Jamais ou peu de ponts et de points. Res­tent des ter­ri­toires poé­tiques et clan­des­tins sur celui des sen­ti­ments. Il faut se perdre dans le bleu avec des par­fums, des moi­rures qu’on ne connaît que dans la région de Laval. Il s’agit de vider l’espace pour recons­truire une nou­velle peau.

Par infu­sion, l’art devient non seule­ment une sur­face mais un mur­mure. Il arrive sans agres­sions mais non sans dou­leur même si l’artiste la remise. Les œuvres res­tent des fumi­gènes qui ne cachent pas mais lèvent la bar­rière du car­can de la vie. Les toiles bougent et répètent à l’artiste qu’elle n’est pas seule dans son corps. Jaillissent des rythmes qui trouent le non sens. Tout se veut res­pi­ra­tion, aban­don sous « les doigts noirs et des mains de blan­chis­seuses ». L’œuvre « se tient comme au-dessus de la géo­gra­phie d’un arôme : de là tout vient » écrit l’artiste.

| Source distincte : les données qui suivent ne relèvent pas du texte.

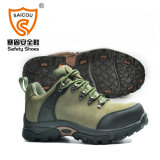 China Cheap Safety Shoes Leather Safety Boots Safety Shoes Low Price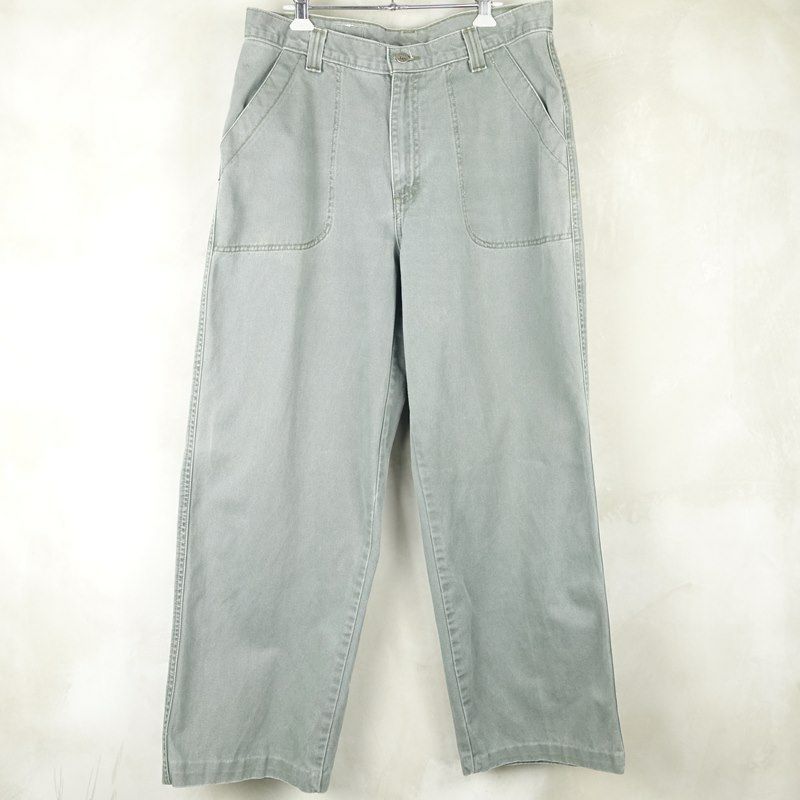 古着のリーデニムパンツ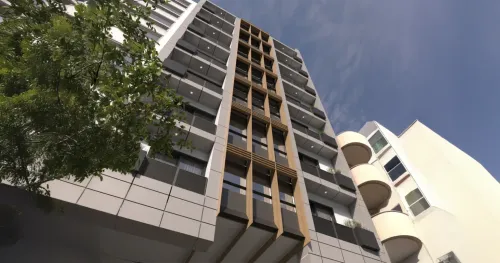 Geraniou Metropolis Residence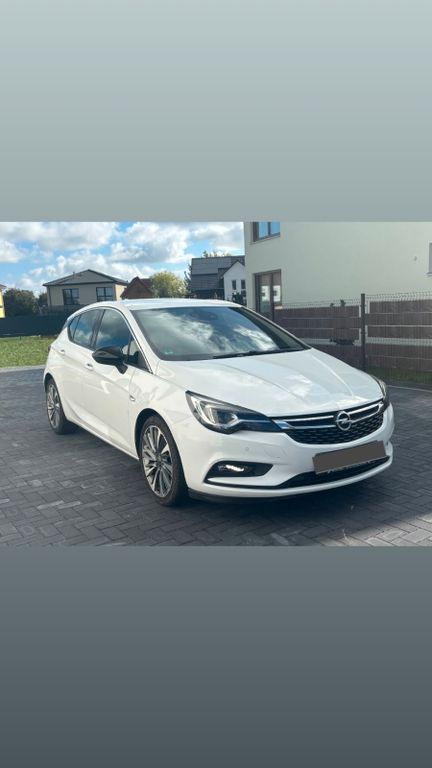 Image of Opel Astra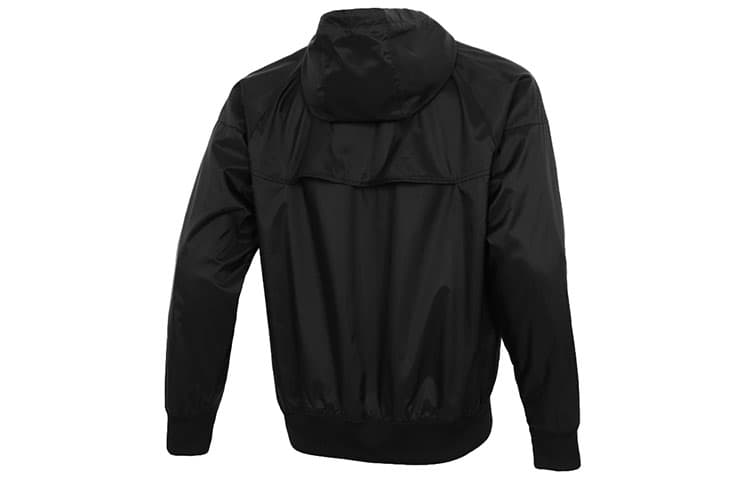 Куртка Nike Windrunner Black - изображение 2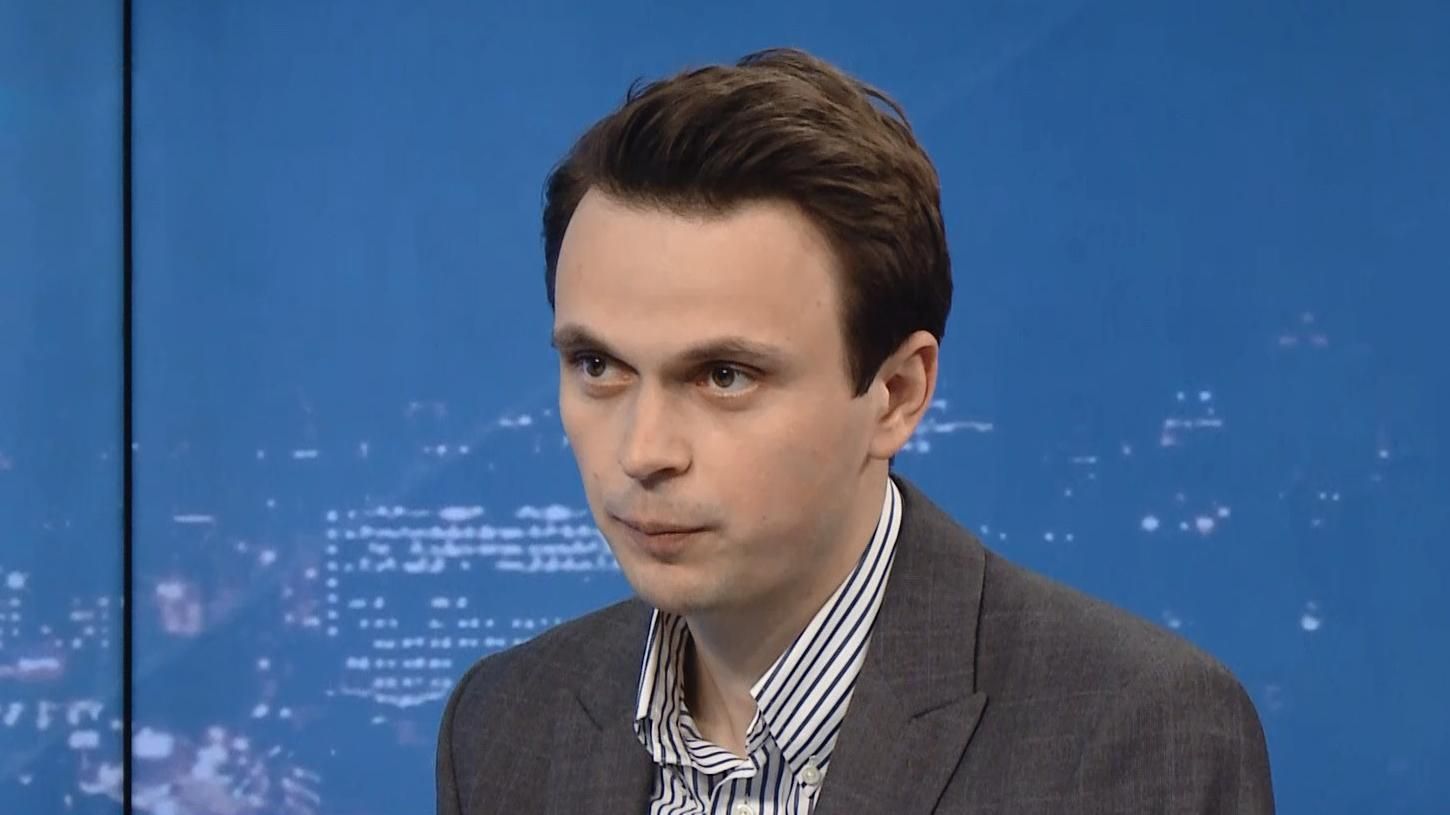 Зеленський є виключно сценарним політиком, – експерт Зеленський є виключно сценарним політиком, – експерт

Son tra­vail ne cloue pas : il embrasse la rudesse du monde et la méta­mor­phose. La machi­ne­rie de l’art rede­vient agis­sante pour celle qui n’est pas une femme d’intérieur. Ni vrai­ment d’extérieur d’ailleurs : « Petite je m’endormais sur le sol. Ne sachant où me ran­ger. Où me mettre Où ma place. Aujourd’hui un champ de lèvres sous mes pas. Fine pel­li­cule dérou­lée ».

Son tra­vail repré­sente la césure plus large que les déchi­rures qui l’ont vu naître et s’accomplir depuis tou­jours. Pas de zone arra­chée. Ni de zones trop claires. Ni éclairs, ni étin­celles. Ne pas tra­ves­tir l’ombre. Ni la désha­biller.
Mais tout se ras­semble en bleu contre le risque de se perdre.